Table 1 Present studies regarding the roles of metals in NLRP3 inflammasome activation.
3.1 Titanium
Titanium (Ti) and its alloys have recently attracted significant interest (75). They are the most widely used metals for implantation due to their advantageous characteristics, including their excellent corrosion resistance and bone-bonding ability (76). The interface between metals and the surrounding tissues is also critical as insufficient bonding provides a bacterial invasion route, resulting in peri-implantitis. Titanium ions are frequently detected in the implant region, especially in peri-implantitis tissue (75). It has been reported that Ti ions can promote the production of ROS, and N-acetyl-l-cysteine (NAC), a ROS scavenger, decreased the Ti ion-induced NLRP3 gene expression and IL-1β release, suggesting that Ti ions activated the NLRP3 inflammasome in an ROS-dependent manner (32).

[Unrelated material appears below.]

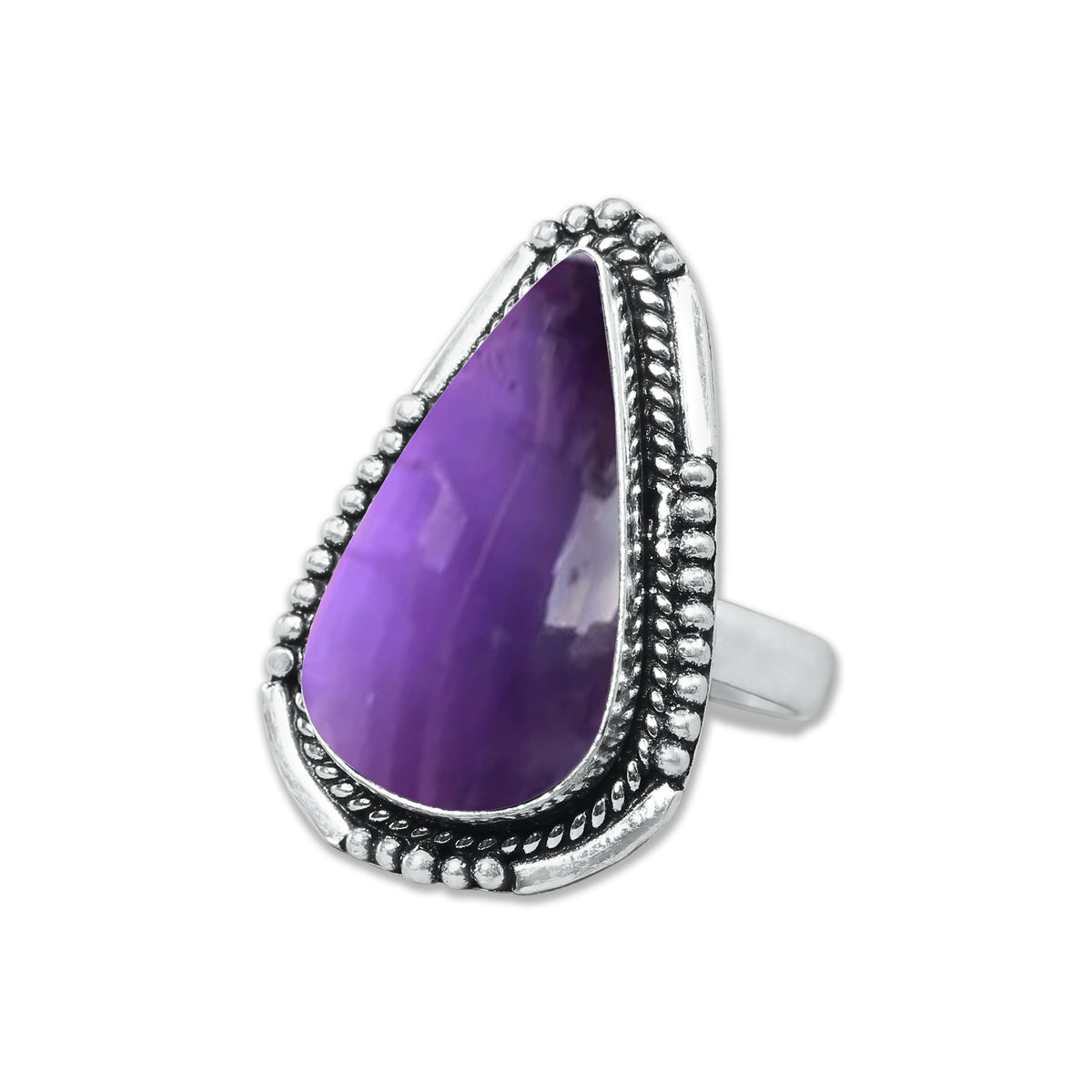 Natürliche Amethyst-Edelsteinringe für Frauen, lila Amethyst-Kristall, handgefertigte Großhandelsringe zum Massenverkauf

However, research has shown that Ti ions alone cannot stimulate the transcription of the inflammasome components, but they form particles that stimulate inflammasome activation and, consequently, IL-1β release (77). It is widely accepted that Ti particles can activate the NLRP3 inflammasome (78, 79). However, the mechanisms of Ti-induced inflammasome activation in inflammatory diseases are still controversial. Several studies have suggested that Ti particle-induced activation of the NLRP3 inflammasome is dependent on lysosomes and lysosomal cathepsins. St. Pierre et al. found that the macrophage uptake of Ti particles was cathepsin B-dependent and induced acute inflammation by activating the NLRP3 inflammasome, resulting in IL-1β release and neutrophil recruitment (33). In a rat peri-implant osteolysis model, Ti particles induced NLRP3 inflammasome activation depending on mitochondrial function. Sirtuin 3, an NAD+-dependent deacetylase of the mitochondria that regulates its function, suppressed the Ti particle-induced NLRP3 inflammasome activation via the GSK-3β/β-catenin pathway (35). In addition, Ti particles can also induce cell death. However, NLRP3 and gasdermin D did not participate in the cell death process, suggesting that the Ti particle-induced cell death was not pyroptosis (80). An in vitro study also showed that Ti particles alone were insufficient at inducing the IL-1β release in macrophages; an additional priming signal, such as bacterial lipopolysaccharide (LPS), was required to enable inflammasome activation (63). Therefore, reducing the amount of particles produced in the process of implant surgery and application is critical to suppressing the activation of the NLRP3 inflammasome.
3.2 Zinc
Nearly 90% of zinc (Zn) is found in muscles and bones. Zn has a stimulatory effect on bone metabolism and the ability to promote bone formation and mineralization (81). It is accepted that the immune system is regulated by Zn homeostasis, and Zn2+ functions as a second passenger in innate immunity (27). Zn homeostasis is maintained by the Zn2+ transporter proteins, including SLC30A (ZnT) and SLC39A (ZIP, Zir/Irt-like proteins) (82). The effects of Zn in NLRP3 inflammasome activation have been proven in series studies. Brough et al. explored pretreating the macrophage with N,N,N′,N′-tetrakis(2-pyridylmethyl)ethylenediamine (TPEN), the Zn chelator, and found significant inhibition of the activity of pannexin-1, thus suppressing the activation of the NLRP3 inflammasome and decreasing the production of IL-1β (36). Pretreatment of primary mouse macrophages with TPEN also damaged the integrity of the lysosome, thus suppressing the NLRP3 inflammasome activation and IL-1β secretion (37). In addition, Zn can inhibit high glucose-induced NLRP3 inflammasome activation in peritoneal mesothelial cells by attenuating ROS production (38). Zn also played a neuroprotective role by suppressing NLRP3 inflammasome activation through autophagy and ubiquitination in an experimental spinal cord injury model (39, 83). Another study also showed that Zn suppressed NLRP3 activation by inducing microglia autophagy and played a neuroprotective role in spinal cord injury (40). Moreover, Zn participated in LPS and hypoxia inducing NLRP3 inflammasome activation in the microglia (41). Zinc oxide nanoparticles (ZnONPs) can suppress the NLRP3 inflammasome using the NLRP3 inflammasome–autophagy–exosomal pathway (42).
3.3 Magnesium
Magnesium (Mg) is a degradable and absorbable biomaterial. It is widely used in the clinic as its structural and mechanical characteristics are similar to those of the trabecular bone, which is beneficial to obtaining early fixation (84). Mg homeostasis in cells is maintained by Mg channels and transporters, including Mrs2, SLC41A1, SLC41A2, and TRPM6 (82).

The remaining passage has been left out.